If you are Albert’s banker, what would you do?

  1. Follow the questionnaire results and recommend him very aggressive portfolios
  2. Have further interaction with him to understand his natural behaviour

Realistically, we expect most people to choose option 1. It is after all a compliant process. Option 2 may even be viewed as unproductive for sales.

However, let’s say you now spend more time to interact with Albert before recommending any portfolios. You uncover more personal information about Albert.

It turns out that Albert values independence very much. He likes to travel alone because he does not like to follow others’ plans.
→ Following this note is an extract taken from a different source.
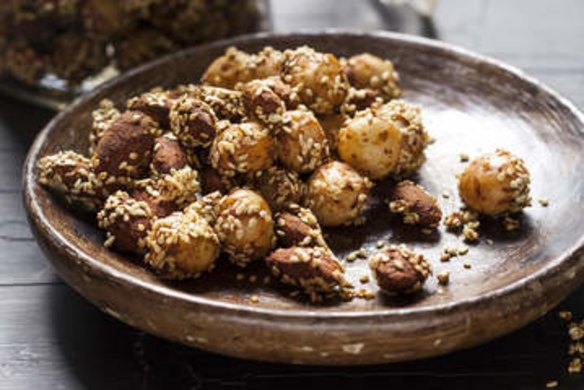 Spiced tamari almonds, macadamias and sesame seeds.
Of his own accord, he is a freelancer.

Does this new piece of information change your investment recommendation for him?

Albert assures you that he is a very decisive person. In his words, he does not like to over-analyse and believe that in life, one should “just do it”.

Would you still stick to the aggressive portfolio recommendation?

It takes an astute advisor to caution Albert of his multiple blind spots in his investments and recommends preventive measures. Being independent, he is self-confident of his own judgement and insists on his own way. Not a fan of deliberation, he tends to act (almost) instantly. In stressful times such as a stock market crash, he can be expected to become too impulsive and stubborn for his own good.

We have made some very important assumptions in this story. We assume that you ask Albert the right questions to elicit relevant insights about him. We also assume that you have managed to piece the clues together to form the big picture. Lastly, we assume that you have the gut instincts and/or experience to realise the investment implications.

Without these assumptions, you would still be a compliant banker for Albert by choosing option 1.

However, a systematic tool-supported process to uncover Albert’s intrinsic values would have helped you fulfil our assumptions with confidence to deliver value to him.